Assessment and findings

Handling of the resident’s report of an outstanding repair to the bedroom light

  1. There is evidence that the resident’s bedroom ceiling was replaced following asbestos removal works in 2018. The resident retains a copy of the asbestos report dated 15 May 2018. She says the faulty light was reported to the contractor upon completion of the ceiling works on 15 June 2018. The landlord holds no records of this.
  2. The landlord states that while it was not evidenced at the time, it says it is suspected that wiring was damaged during the asbestos removal/ceiling replacement in 2018. However it is unclear from the repair records how the landlord or contractor dealt with these reports.
  3. Without good knowledge and information management (KIM) a landlord is unable to deliver its services efficiently and effectively. It is imperative that records are accurate and maintained to keep both the property and the resident safe now and in the future. Landlord’s should stress test systems prior to any changes to identify whether they can ‘talk’ to each other and staff can access the data they need. The landlord’s acceptance that “it suspected” that the light was faulty from June 2018 indicates that it had failed to maintain accurate records.
  4. There is evidence that the landlord attended the property due to a leak on 18 April 2019. The landlord repaired damage caused to the bedroom ceiling. However, there is no evidence within its records that it fixed the fault with the light.
  5. Section 11 Landlord and Tenant Act 1985 (LTA 1985) requires landlords to make repairs to the structure and exterior, as well as to installations such as boilers, pipes, and electrics. This responsibility is confirmed within the landlord’s responsive repairs policy.
  6. The landlord’s responsive repairs policy states that it will attend to emergency repairs within 24 hours of being notified.
  7. The resident reported the fault to the bedroom light to the landlord again on 29 October 2019. The landlord attended within 24 hours. This was appropriate and in line with its policy and its obligations under the LTA 1985.
  8. The landlord’s responsive repairs policy states that it will attend to routine repairs “as quickly as possible.” The policy does not give precise timescales for routine repairs. Therefore, in line with industry best practice, a timeframe of 28 days is considered reasonable for the purpose of this investigation.
  9. While the landlord had attended to make safe the light, there is no evidence of it undertaking works to remedy the fault which had already been outstanding since June 2018. The evidence supplied to us includes a note that states the “work appeared to go through its contractor” and there was “no information why there was no progress with this until May 2020.” This is not appropriate and demonstrates a failing with the landlord’s record keeping. It failed to evidence maintaining communication channels with the resident and/or the contractor to ensure the repair was resolved.

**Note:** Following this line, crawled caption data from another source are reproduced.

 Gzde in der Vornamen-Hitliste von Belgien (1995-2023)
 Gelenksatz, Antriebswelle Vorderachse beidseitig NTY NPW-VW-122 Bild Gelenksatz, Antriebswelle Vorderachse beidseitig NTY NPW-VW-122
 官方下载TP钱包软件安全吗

  10. Between 29 October 2019 to 5 May 2020, a total of 131 working days passed before it reattended the property. This was not appropriate and not in line with its policy. The repair continued to remain unresolved. The resident says she simply wanted communication, an action plan, and an apology for the delays. However, these were not forthcoming without the need to repeatedly chase and remind the landlord of the fault.
  11. There is evidence from 5 May 2020 that the fault location was identified and discussions took place regarding the work required to put things right. It is at this stage that it is first documented that the resident did not want trunking to be used to complete the repair. There is further evidence of record keeping failures that delayed the repair. Evidence supplied to us states that there is “no information on why there was no progress until August 2021.”

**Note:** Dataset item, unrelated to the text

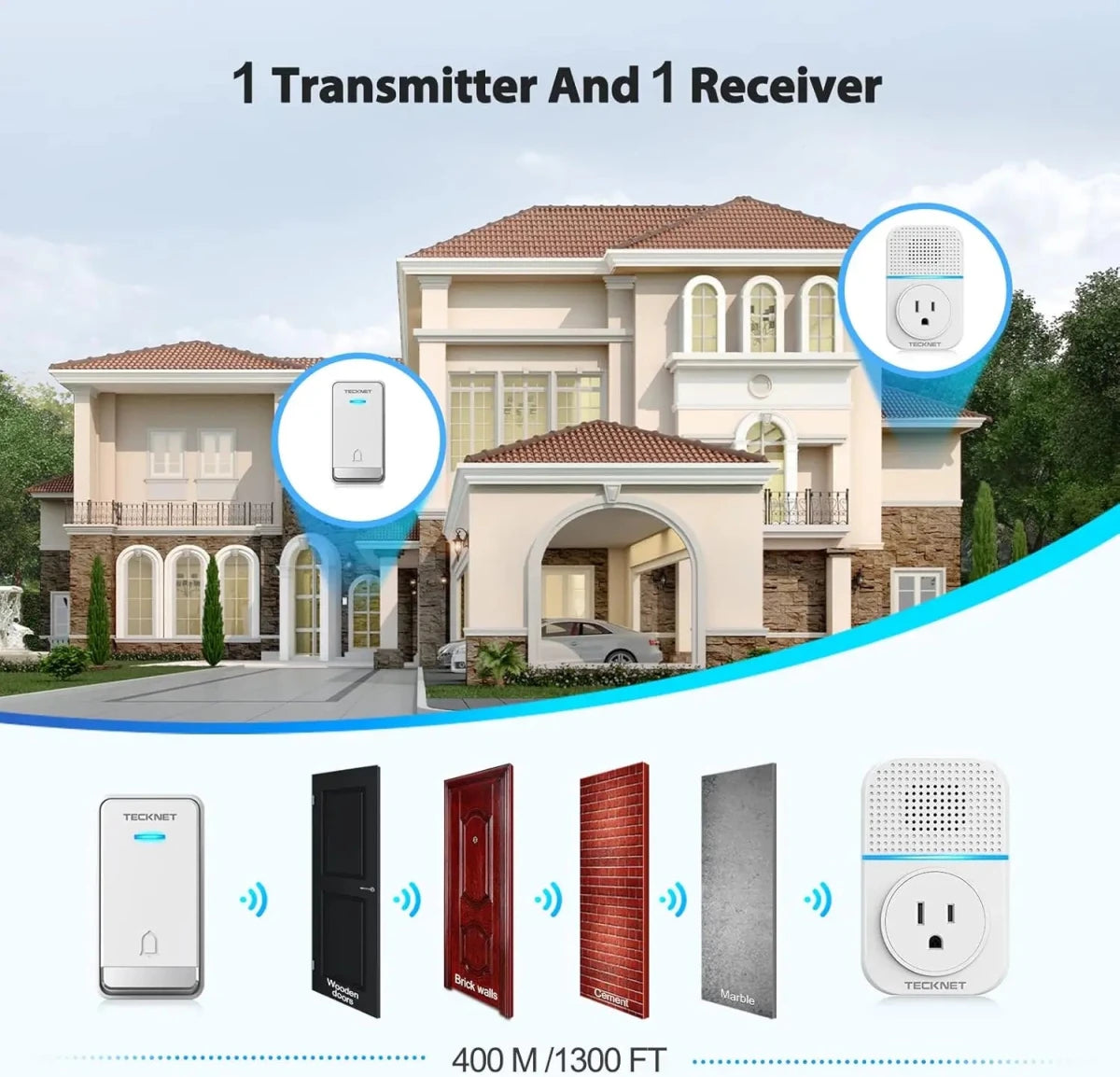 TECKNETTECKNET Waterproof No Battery Needed Wireless Doorbell Chimes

  12. While its repair records show attendance to the resident’s property in August 2021, this was due to another leak. There is no evidence that the landlord attempted to rectify the faulty ceiling light. Furthermore, there is no evidence of communication with the resident to discuss plans to remedy the outstanding works. This was not appropriate. The repair continued to be outside of the landlord’s responsive repair timeframes and she received no update or action plan on the proposed remedy.

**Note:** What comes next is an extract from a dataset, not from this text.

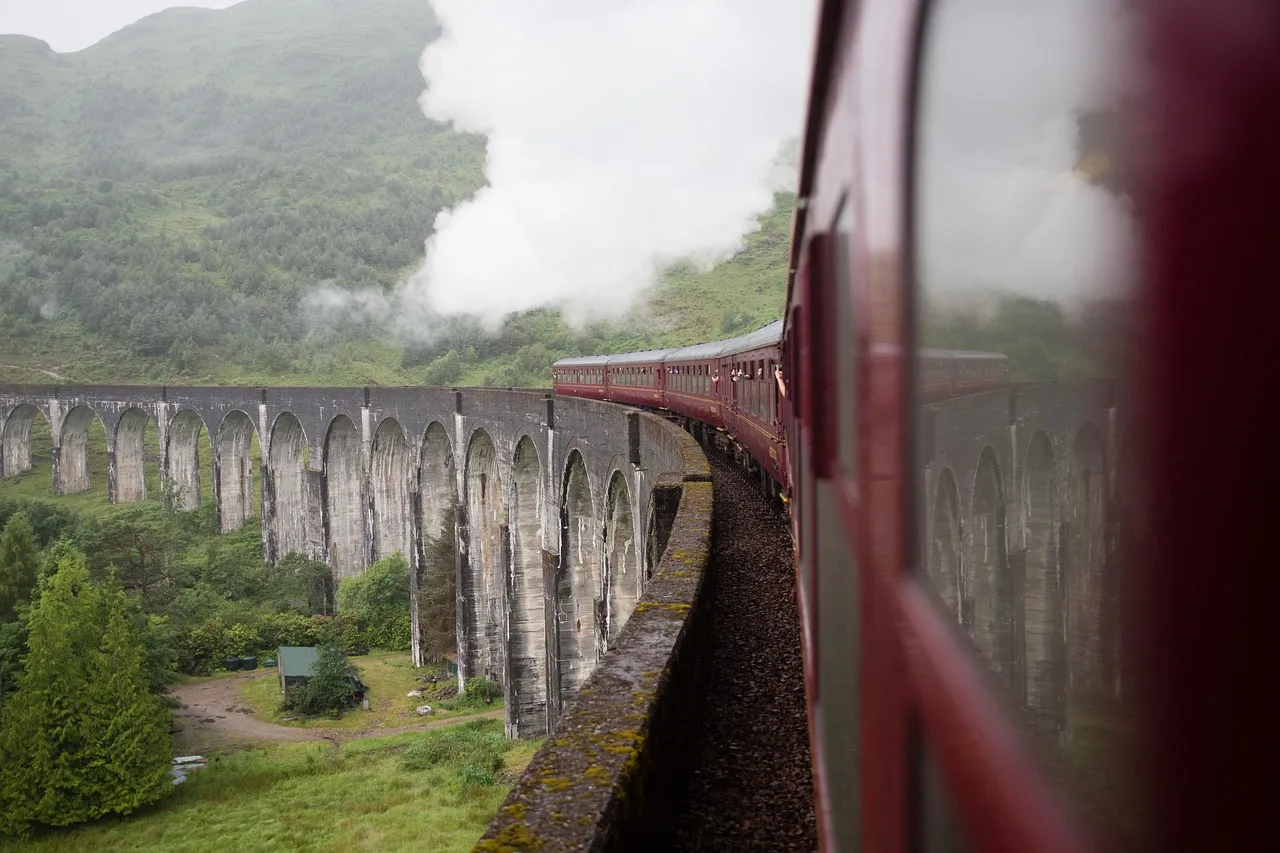 Responsible Travel on Scenic Routes (Image Credits: Pixabay)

  13. Between October 2021 to December 2021 the resident continued to chase for updates. While there is evidence that the landlord attended the property, discussions continued regarding the options to avoid trunking and the possible need for a raised platform. While it was reasonable for the landlord to consider ways to work around the room design and the resident’s furniture, it had now been 3 years. This was not appropriate and significantly beyond the landlord’s responsive repair timeframe.
  14. While it is reasonable that the landlord sought to consider a remedy to meet the resident’s request to avoid trunking, it is unclear why there is little to no communication with her about this, until she chased. This was not appropriate and a failing that demonstrated no effort to keep the resident informed.
  15. The landlord has a duty to ensure that the property is kept in repair and safe. It is reasonable that repairs are completed in a cost effective manner. Had the landlord chosen that trunking was its preferred option, it would have been reasonable for it to have explained this to the resident. However within the landlord’s stage 2 response of 23 December 2022, it said it was “committed to repairing the light fitting without the need for installing trunking.” It was therefore reasonable for her to expect this to be done as discussed.
  16. The landlord’s stage 2 response acknowledged that it had failed to complete the repair within a reasonable timescale. It further acknowledged that delays waiting for asbestos work in 2022 was incorrect and unnecessary. It was therefore appropriate for it to apologise and increase the compensation of £100 at stage 1 to £775. Of which, £675 was for the identified failures to complete the repair.
  17. The stage 2 offer of compensation and an agreement to put things right was appropriate. However, we note that the landlord wrote that “we do expect residents to report and follow up on outstanding repairs via the usual channels with our contractors.” It was unreasonable for the landlord to pass the responsibility of monitoring and chasing progress to her. The evidence shows that she had chased the landlord between 2019 to 2022.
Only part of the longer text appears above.